Member of the Legislative Assembly of Manitoba for The Maples
- In office September 21, 1999 – May 22, 2007
- Preceded by: Gary Kowalski
- Succeeded by: Mohinder Saran

Personal details
- Born: December 25, 1942 (age 83) Negros Occidental, Philippine Commonwealth
- Party: New Democratic Party, Progressive Conservative Party
- Education: Araneta University Foundation Red River Community College (BSc)
- Occupation: Computer programmer, politician

= Cris Aglugub =

Canadian politician

Cris LaCara Aglugub (born December 25, 1942) is a former Canadian politician in Manitoba, Canada. He was a member of the Legislative Assembly of Manitoba from 1999 to 2007.

==Education==
Aglugub was educated at Araneta University Foundation in the Philippines, and at Red River Community College in Manitoba. He holds a Bachelor of Science degree in agriculture.

==Early career==
Before entering politics, he worked as a computer programmer and provided technical support to Manitoba Agriculture. He has served on the Mayor's Race Relations Committee and the Manitoba Citizenship Council's Language Bank, and is a Past President of the Philippine Association of Manitoba. He co-founded the Philippine Centre of Manitoba in 1984, and was instrumental in founding a community day care facility. During the 1990s, Aglugub helped facilitate a twinning agreement between Winnipeg and Manila, with a corresponding arrangement between the University of Manitoba and the Pamantasan ng Lungsod ng Maynila.

==Political career==
Aglugub was elected to the Manitoba legislature in the 1999 election, running as a New Democrat in the north Winnipeg riding of The Maples. He received 4,329 votes against 2,310 for his nearest opponent, Progressive Conservative Ellen Kowalski. Following the NDP's election victory (the Conservatives had formed government since 1988), he was named Legislative Assistant to the Minister of Labour and Immigration, and subsequently to the Minister of Intergovernmental Affairs and Trade. In 2003, he supported Bill Blaikie's bid to become leader of the federal New Democratic Party.
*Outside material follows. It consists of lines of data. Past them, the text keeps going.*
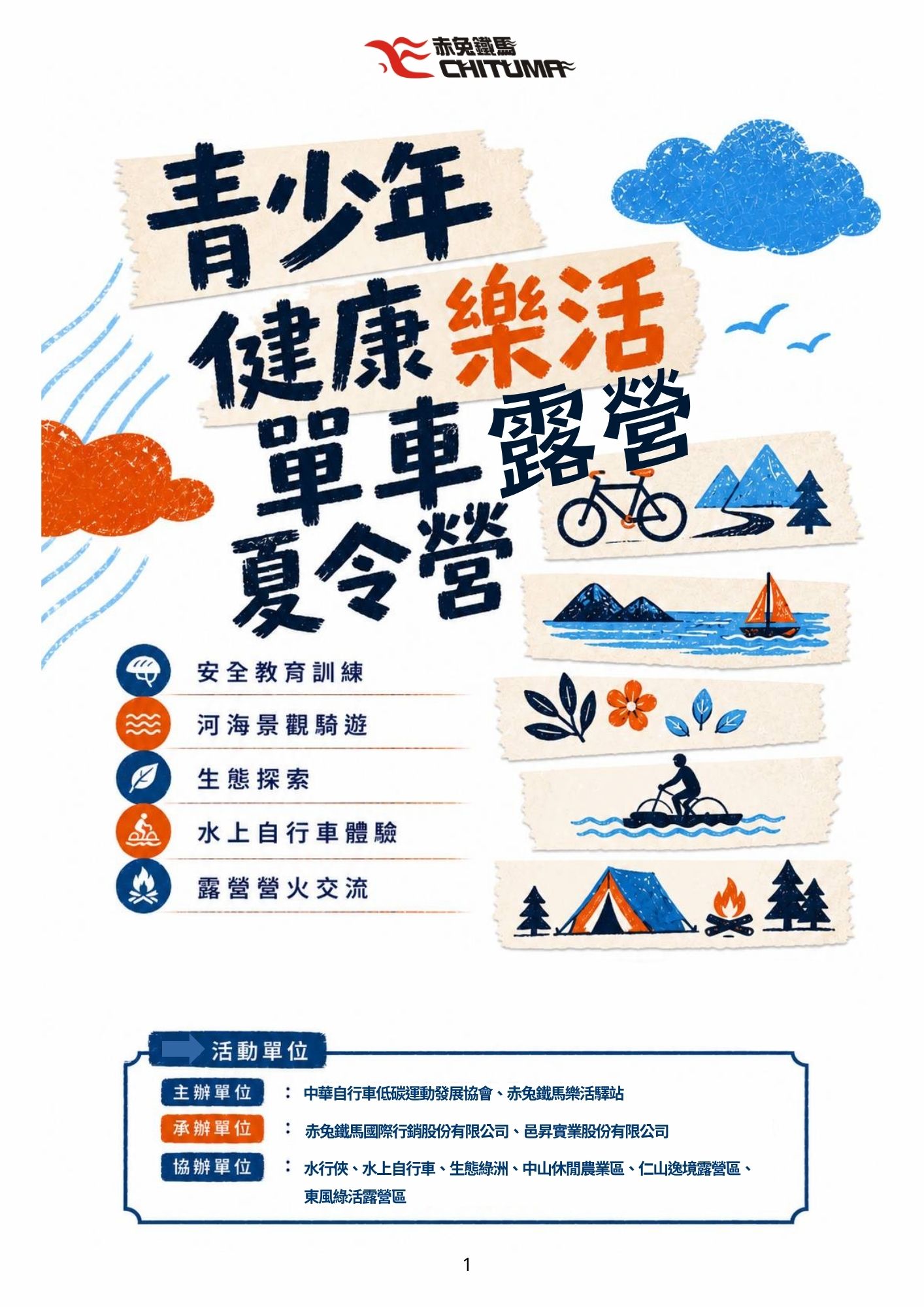 活動流程 1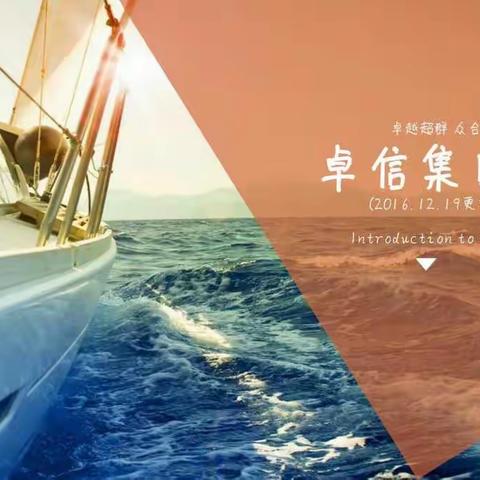 走进卓信集团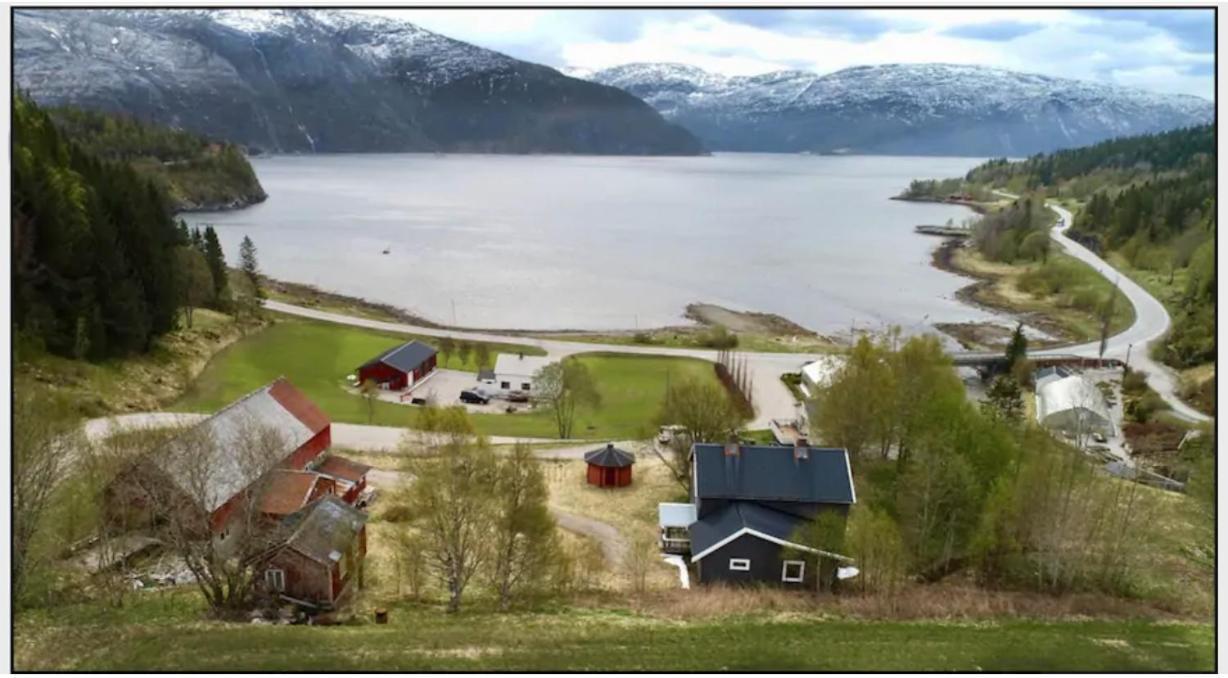 Graceland Norway Foldereid 외부 사진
Aglugub was re-elected in the 2003 Manitoba general election, receiving about 68% of the vote in The Maples. He was not re-nominated for the New Democratic Party in the 2007 provincial election; Mohinder Saran retained the district for the NDP. He ran in the 2011 provincial election as a Progressive Conservative in the riding of Tyndall Park, being contested for the first time, finishing third behind Ted Marcelino of the NDP and Roldan Sevillano of the Liberals.